Se podría definir el subgénero de ‘Sin límites (Limitless)’ como ciencia ficción yuppie. El protagonista, un escritor bloqueado, comienza a tomar una droga de diseño que le recomienda su ex-cuñado, un camello, y todas las posibilidades se abren ante él. Está basada en esa creencia errónea, pero bastante extendida, de que no utilizamos el potencial de nuestro cerebro al completo.

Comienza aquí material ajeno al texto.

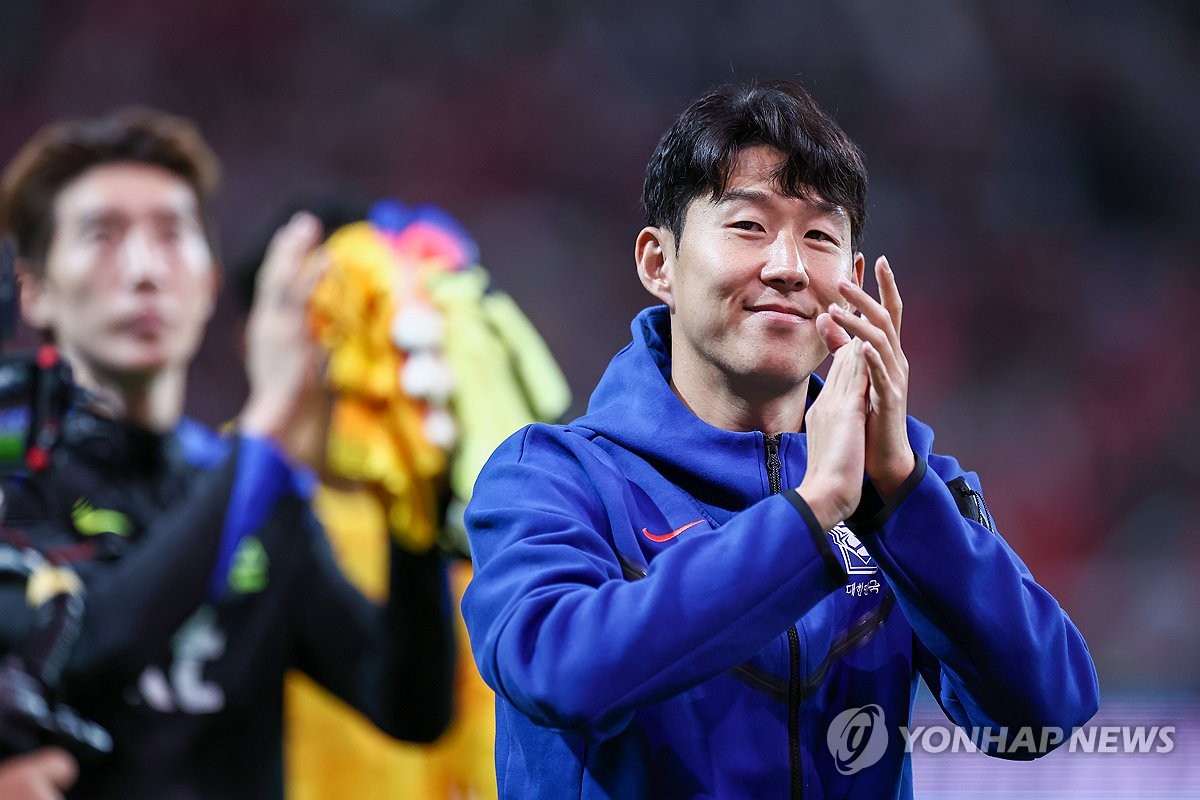 [수능] '캡틴' <b>손흥민</b>도 수험생 응원…"부담 대신 자신에 대한 믿음만"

Este punto de partida, tirando a ridículo, puede hacer sentir un previo rechazo hacia el film. Será necesario dejar a un lado esa prevenciones para disfrutar de la película que no trata de ser más que una cinta entretenida. Afortunadamente, en este caso, a diferencia de en ‘Phenomenon’, la patraña «new age» solo se emplea como desencadenante de la acción y no como base teórica para lanzar mensajes o como proclama de una realidad. Otras cuestiones que se verán en la cinta y que escapan igualmente la credibilidad habrá que tomárselas con idéntica ligereza para garantizar el disfrute. Es decir, no se puede ir a ver ‘Sin límites (Limitless)’ con idea de encontrar eso que suele denominarse «gran cine», pero sí con mucho sentido del humor y con ánimo de disfrutar de un buen rato.